O que se desenha no horizonte é uma nova Brasília de concreto, cimento, aço, cifrões invisíveis e tenebrosas transações. Brasília (independentemente das coisas positivas que sua criação acarretou) provocou rombos gigantescos e fortunas instantâneas. Quando eu era pequeno ouvia histórias de como Brasília tinha sido construída. Fulano de Tal se comprometia a entregar pelo preço X um total de 50 caminhões de areia. O caminhão entrava no canteiro de obras, sua entrada era registrada (“Primeiro caminhão!”), ele ia até o final, saía, dava a volta, entrava de novo (“Segundo caminhão!”) e passava o dia assim.
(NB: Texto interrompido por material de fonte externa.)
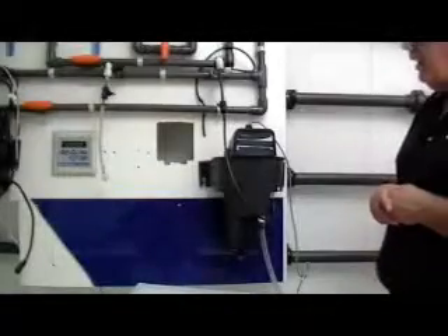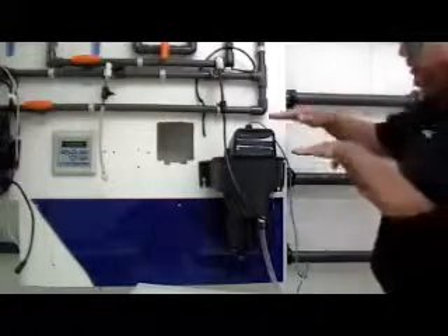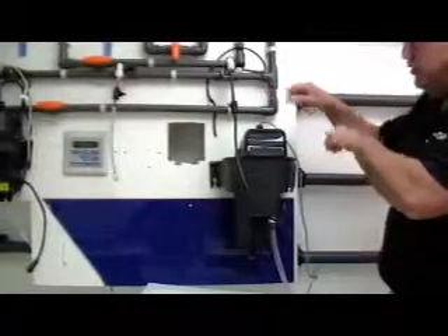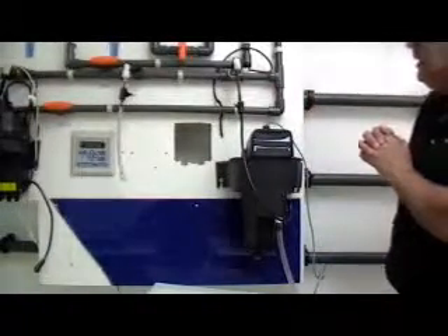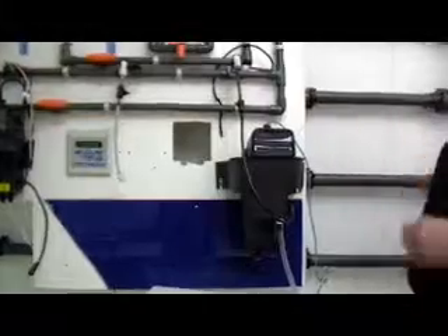Mounting the 4150 to the wall, there are a couple of things you should take into consideration. One, you want to make sure that you have at least 8 to 10 inches or 20 to 25 centimeters clearance above the instrument for calibration and routine maintenance. Two, the turbidimeter should be mounted as close to the sample point as possible, no more than 6 to 10 feet or 2 to 3 meters.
Essa lenda urbana lembra a bolsa inesgotável das histórias de cordel; e bate com a das republiquetas latino-americanas que no desfile do Dia da Pátria, diante de embaixadores estrangeiros, faziam a mesma meia-dúzia de batalhões darem a volta ao quarteirão e desfilarem de novo. Algo me diz que depois desses mega-eventos esportivos o valente Eduardo Galeano vai ter que acrescentar um apêndice de 50 páginas ao seu clássico As Veias Abertas da América Latina.
2721) A morte da menina (23.11.2011)

No século 19, grande parte da literatura popular era publicada em folhetins, aqueles rodapés dos jornais diários, em forma de narrativa seriada. Todo dia, ou toda semana, conforme o caso, saía mais um capítulo da história. O leitor recebia o jornal em casa, se fosse assinante; ou ia até a banca para comprá-lo. Exatamente como hoje. E nesse contato diário com o jornal ele ia, entre outras coisas, acompanhando aventuras policiais, de capa-e-espada, melodramas sentimentais ou dramas familiares.
O folhetim era mais típico da França, mas foi Charles Dickens o grande folhetinista inglês, e um dos maiores de todos os tempos. A maioria dos seus romances foram publicados primeiro assim, como folhetins serializados, que os leitores corriam a comprar assim que o jornal saía às ruas. Um desses romances foi A Velha Loja de Curiosidades (1840-41), do qual se conta a seguinte história.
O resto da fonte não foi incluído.